Growth in noncommutative algebras and entropy in derived categories

TL;DR

This paper explores the relationship between growth measures of noncommutative algebras and entropy in derived categories, linking algebraic growth to categorical invariants.

Contribution

It establishes bounds and equalities connecting categorical and polynomial entropies with algebraic growth and Gelfand--Kirillov dimension for various classes of algebras.

Findings

Entropies are bounded by algebra growth entropy and Gelfand--Kirillov dimension.

Equalities hold for regular algebras and coordinate rings of smooth projective varieties.
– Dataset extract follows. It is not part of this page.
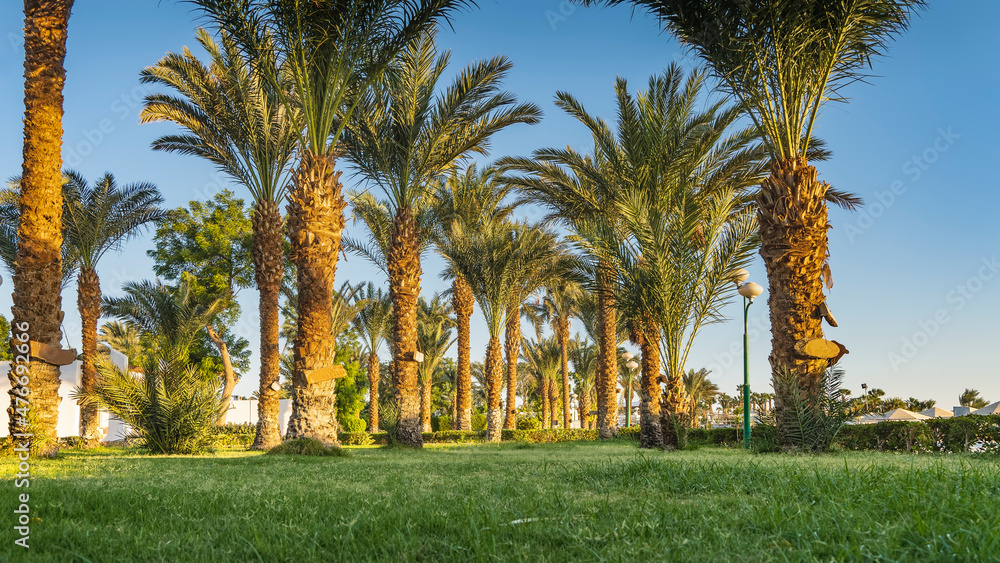 Rows of tall palm trees stand on the lawn. Lush carved leaves against a blue sky background. Egypt.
Polynomial entropy is zero for monomial algebras of polynomial growth.

Abstract

A noncommutative projective variety is defined, after Artin and Zhang, by a graded coherent algebra A, where the category of coherent sheaves is the quotient qgr(A) of the category of finitely presented graded modules by the subcategory of torsion modules. We consider the categorical and polynomial entropies of the Serre twist, that is, of the degree shift functor on the bounded derived category of qgr(A). These two types of entropy can be viewed as analogues of the dimension of the noncommutative variety. We relate these invariants with the growth of the algebra. For algebras of finite global dimension, the entropies are bounded above by the growth entropy and the Gelfand--Kirillov dimension of the algebra. Moreover, these equalities hold for regular algebras, as well as for coordinate rings of smooth projective varieties. However, the polynomial entropy is zero for monomial algebras of polynomial growth, so in this case the inequality is strict.